• DESCRIPTION OF THE TASK: From the first line to the last, restate the material word for word, omitting pictures.

• ENTRIES SHOWN:
-- Opening Marker --

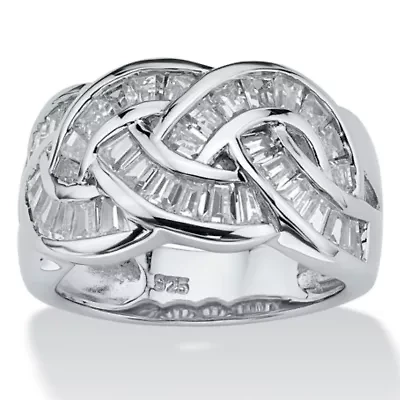DiamonArt® Womens 1 3/4 CT. T.W. White Cubic Zirconia Platinum Over Silver Cocktail Ring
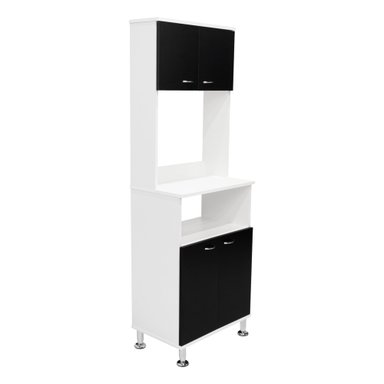 MUEBLE COCINA FMFURNITURE MICROONAD 4 PUERTAS FM-011B BLANCO Y NEGRO - 1
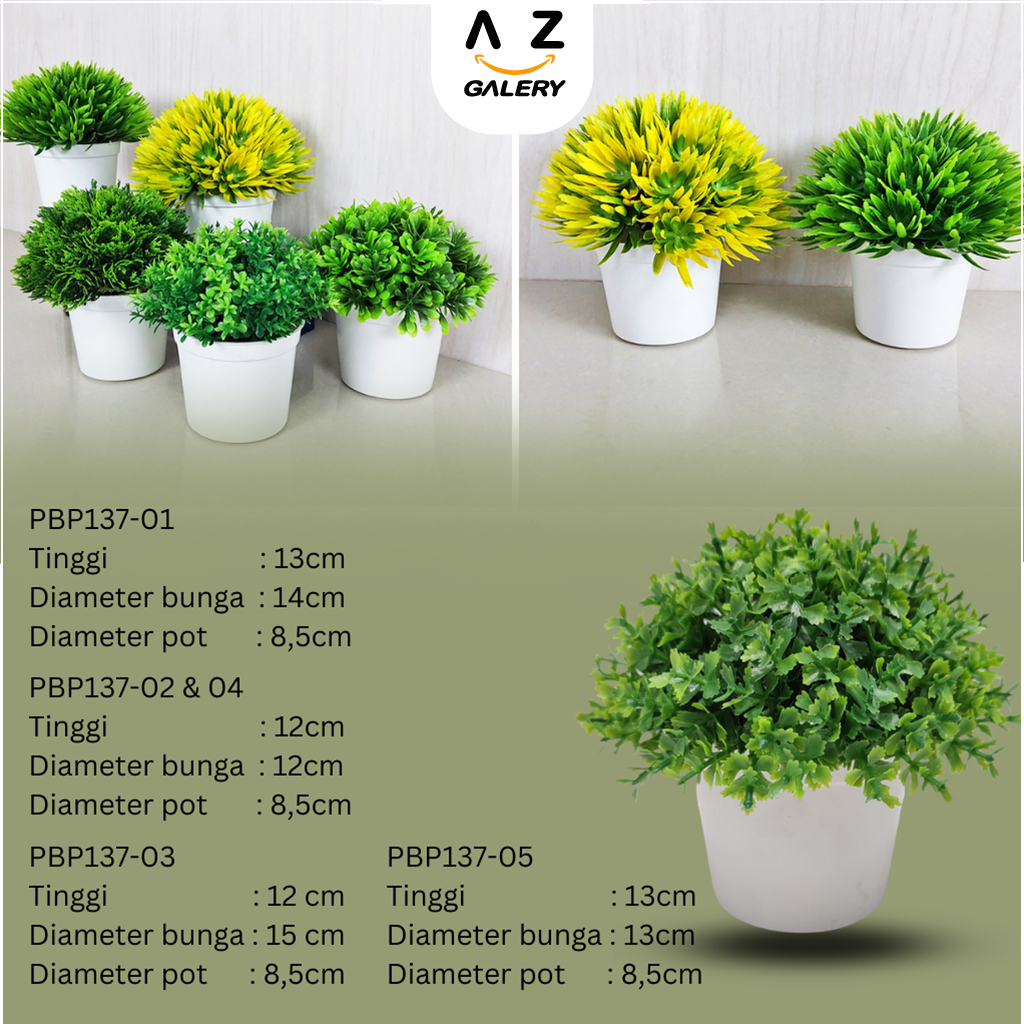 Pot Tanaman Daun Rumput Hias Plastik Artificial Plants Decoration Pot Bunga Hias Azgalery PBP137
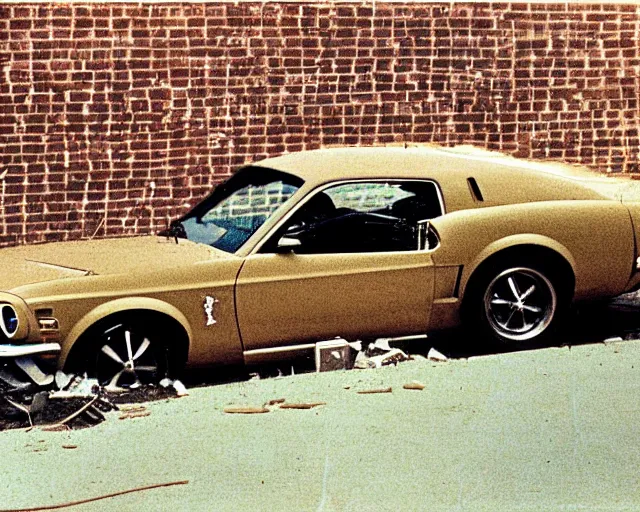 Image similar to 1973 photo of mustang wrecked into brick wall retro film picture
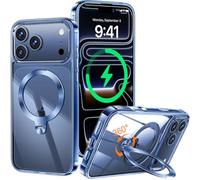 HaloArt 360° Rolatif Support Magnétique Coque pour iPhone 17 Pro Max [CD Anneau Support Stable pour Mag-Safe] [N°1 Puissance Magnétique & Antichoc Protection Militaire] Coque Durable Transparante,Bleu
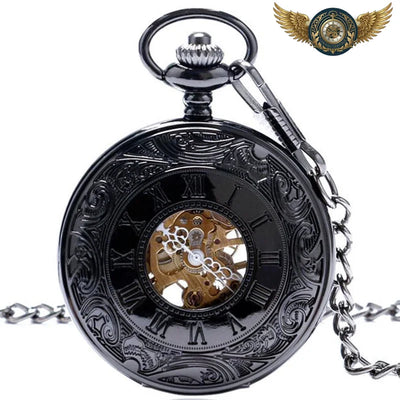 Acheter Dark Dandy - Montre Gousset Squelette Noir Demi-Chasseur - Gousset-heritage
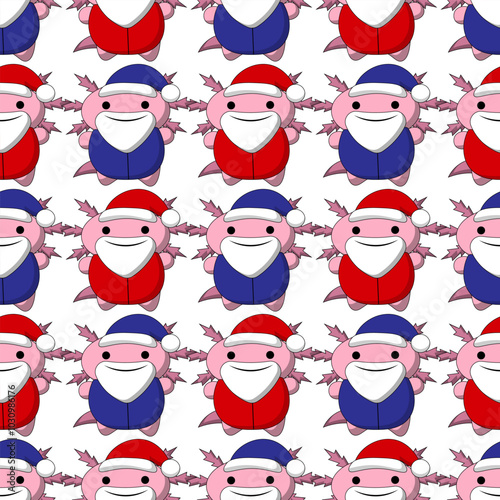 Seamless pattern with Cute Christmas Axolotl Santa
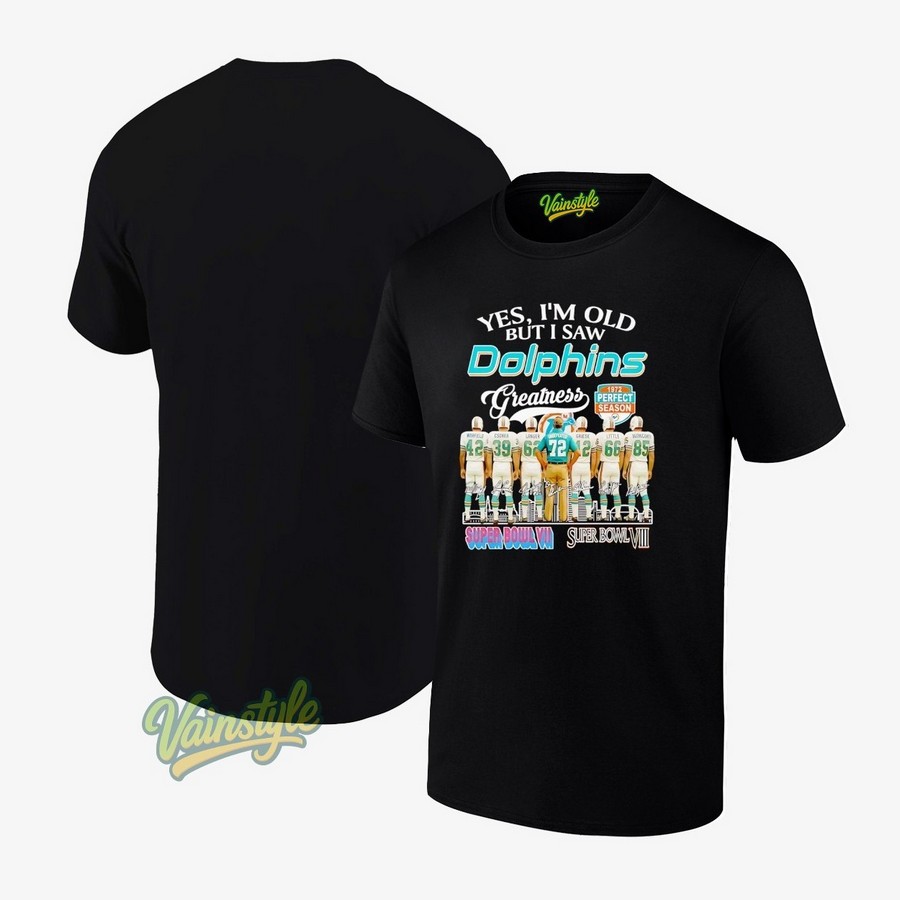Yes I’m Old But I Saw Miami Dolphins America’s Team City Skyline Super Bowl Signatures T-Shirt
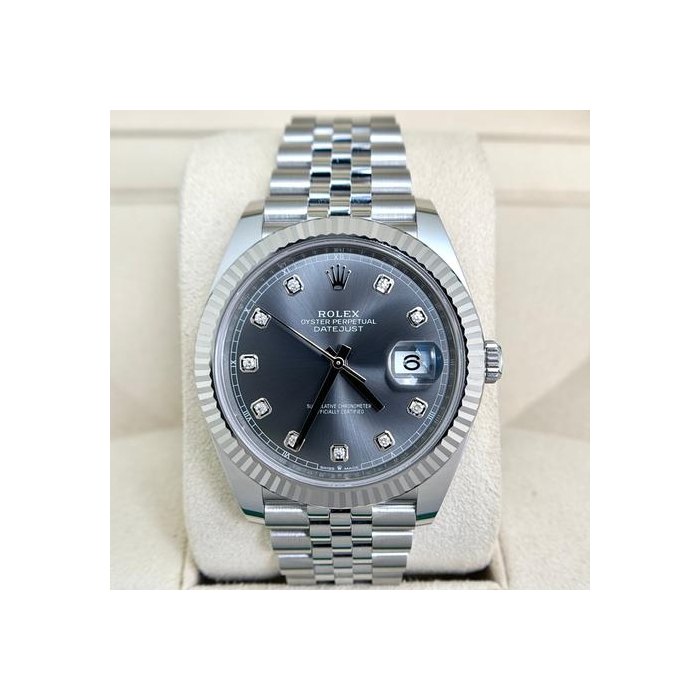 Rolex DatejustSteel 41 Rhodium Grey Diamond Dial Fluted Bezel Jubilee Bracelet Steel 2022 Full Set Box Outer Box Papers. Ref. 126334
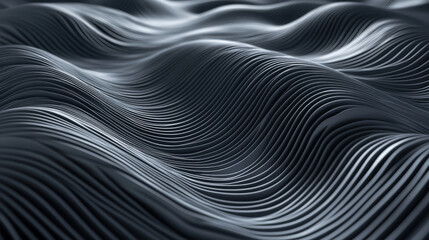 Naklejka premium Abstract dark grey curved lines pattern texture 3d render illustration. 3D Illustration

-- Closing Marker --

• ANSWER SPACE:
DiamonArt® Womens 1 3/4 CT. T.W. White Cubic Zirconia Platinum Over Silver Cocktail Ring
 MUEBLE COCINA FMFURNITURE MICROONAD 4 PUERTAS FM-011B BLANCO Y NEGRO - 1
 Pot Tanaman Daun Rumput Hias Plastik Artificial Plants Decoration Pot Bunga Hias Azgalery PBP137
 Image similar to 1973 photo of mustang wrecked into brick wall retro film picture
 HaloArt 360° Rolatif Support Magnétique Coque pour iPhone 17 Pro Max [CD Anneau Support Stable pour Mag-Safe] [N°1 Puissance Magnétique & Antichoc Protection Militaire] Coque Durable Transparante,Bleu
 Acheter Dark Dandy - Montre Gousset Squelette Noir Demi-Chasseur - Gousset-heritage
 Seamless pattern with Cute Christmas Axolotl Santa
Yes I’m Old But I Saw Miami Dolphins America’s Team City Skyline Super Bowl Signatures T-Shirt
 Rolex DatejustSteel 41 Rhodium Grey Diamond Dial Fluted Bezel Jubilee Bracelet Steel 2022 Full Set Box Outer Box Papers. Ref. 126334
 Naklejka premium Abstract dark grey curved lines pattern texture 3d render illustration. 3D Illustration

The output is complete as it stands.